When a member of BYU’s student council recently tried to ask classmates about the possibility of loosening the university’s facial-hair and hair-length rules, the survey was removed from the school’s site because, as spokeswoman Carri Jenkins said, the student did not “go through the proper (approval) process.”
When asked why BYU barred beards, Jenkins had no answer.
“No one is saying there is anything wrong with beards,” she said. “It’s just part of how we have chosen to represent ourselves; it’s just part of our dress and grooming standards.”
Clearly, that hasn’t always been the case.
Throughout its 183-year history, the LDS church has had a shifting, sometimes contradictory standard for facial hair.
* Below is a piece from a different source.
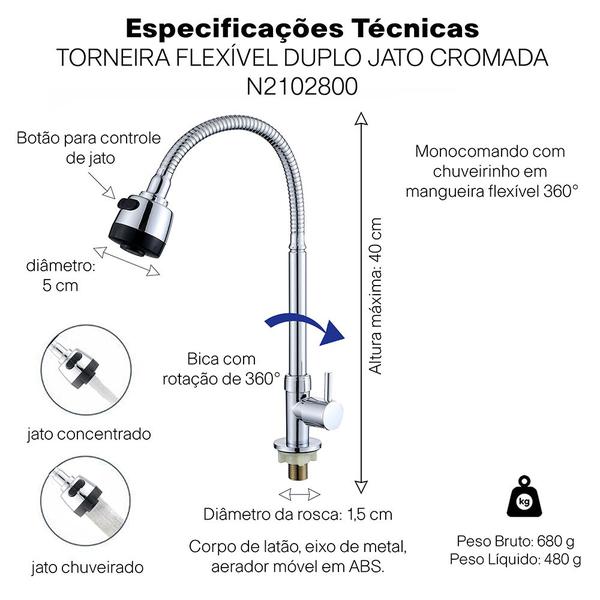 Imagem de Torneira gourmet flexivel duplo jato prata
Mormon founder Joseph Smith was clean-shaven when he launched the movement in 1830 at age 24 and remained that way until his murder in 1844 at age 38. But subsequent LDS leaders, as they aged, grew beards like their peers as signs of maturity or personal style.
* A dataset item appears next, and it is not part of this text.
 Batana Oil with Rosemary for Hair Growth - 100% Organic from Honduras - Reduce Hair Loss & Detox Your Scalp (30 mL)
When Mormon apostle Heber J. Grant arrived in England in 1903 to oversee the faith’s evangelizing abroad, his predecessor had required missionaries to grow beards as symbols of their maturity and dignity. A few days into Grant’s assignment, a timid missionary inquired as to whether he might be allowed to shave. Grant, a future church president, readily agreed.
Then came the handsome — and clean-shaven — McKay and the rebellious 1960s. Before long, beards took it on the chin.
“In the minds of most people at this time, the beard and long hair are associated with protest, revolution and rebellion against authority,” Oaks said in that 1971 speech. “They are also symbols of the hippie and drug culture. … In addition, unkemptness — which is often (though not always) associated with beards and long hair — is a mark of indifference toward the best in life.”
By the 1980s, beards were more a matter of style than protest, and mainstream Americans — including many Mormon professionals and converts — went with them.
“I grew a beard because my older brother, Tony … had a beard,” recalled Matt Marostica, bishop of the LDS Berkeley (Calif.) Ward, “and I really liked the way it looked on him.”
Marostica’s future bride, Pamela, liked how it looked and asked him to grow one for their wedding in the Salt Lake Temple in 1983.
“This meant that I had to stop shaving right at the end of my BYU semester,” he writes in an email. It worked. My beard looked pretty good for the wedding.”
The LDS leader has had that facial hair ever since — with the exception of a couple of years when he taught political science at BYU — and hasn’t run into much bristling, even from Mormon apostles.
Marostica was the only LDS bishop with a beard at a recent leadership training meeting of 11 LDS regional bodies in the Bay Area. Mormon apostle Quentin L. Cook led the discussion and said nothing about it.
“I proudly introduce myself to apostles as Bishop Marostica,” he said. “None of them have even blinked at the beard. I certainly haven’t been asked to shave it in the five years I’ve been bishop.”
Peggy Fletcher Stack writes for The Salt Lake Tribune. Via Religion News Service.